*PROBLEM TO SOLVE*:
Below are some records. Quote exactly the lines from the one that contains "기호가 바뀌는 디지털 인터페이스의 애니메이션, 금융 데이터 처리 및 통계" through the last, both included, and leave out the pictures.

*INPUT DATA*:
§ §

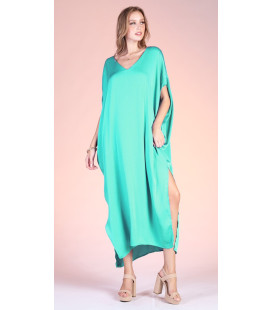 Vestido Verde Cuello en V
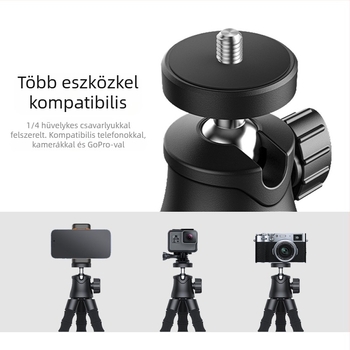 Rugalmas asztali tripod telefonhoz élő közvetítéshez, kompatibilis sportkamerákkal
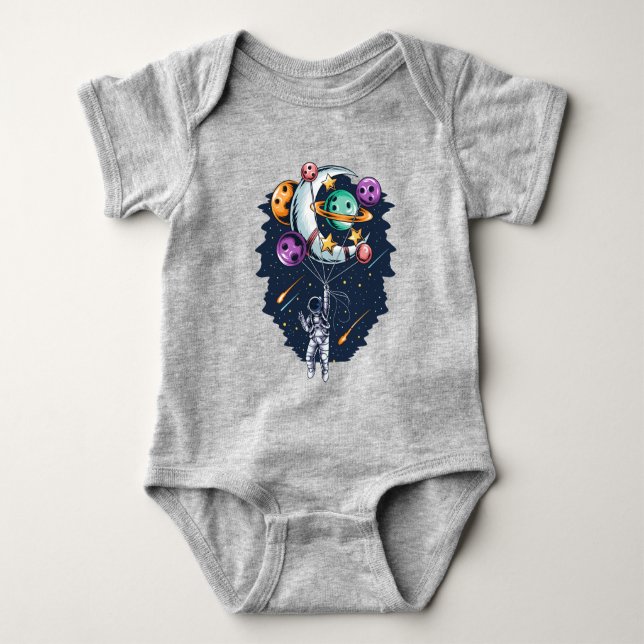 Funny Astronaut hält einen Ballon von Planets Baby Baby Strampler (Vorderseite)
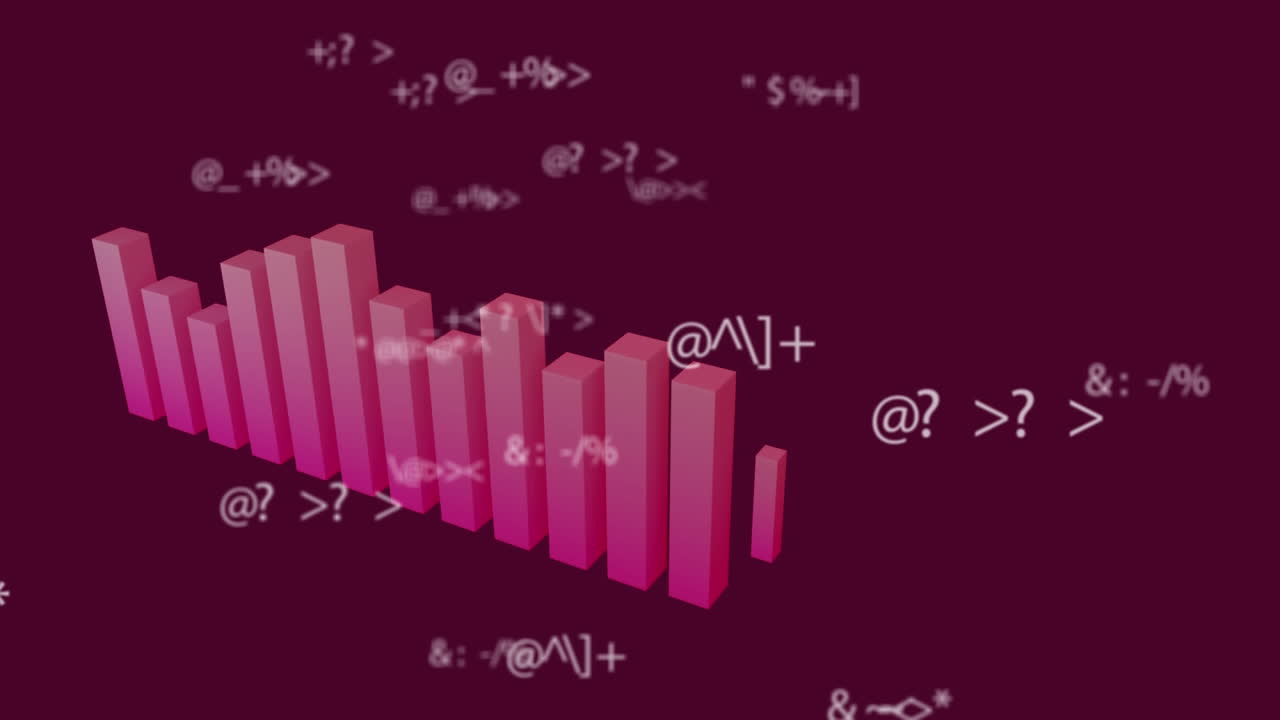 기호가 바뀌는 디지털 인터페이스의 애니메이션, 금융 데이터 처리 및 통계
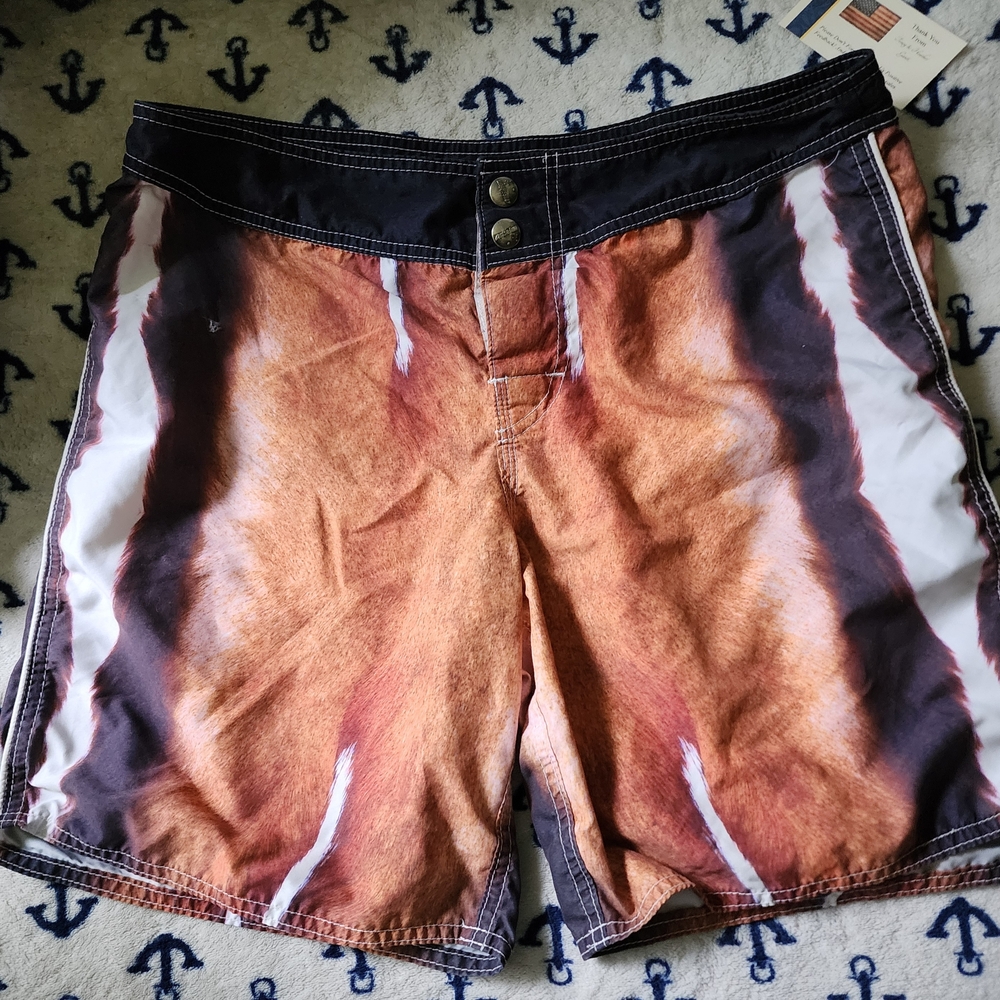 Aussiebum Vintage Rare Cowhide Print Black and White Boardshorts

§ §

*RESPONSE TO THE EXERCISE*:
 기호가 바뀌는 디지털 인터페이스의 애니메이션, 금융 데이터 처리 및 통계
 Aussiebum Vintage Rare Cowhide Print Black and White Boardshorts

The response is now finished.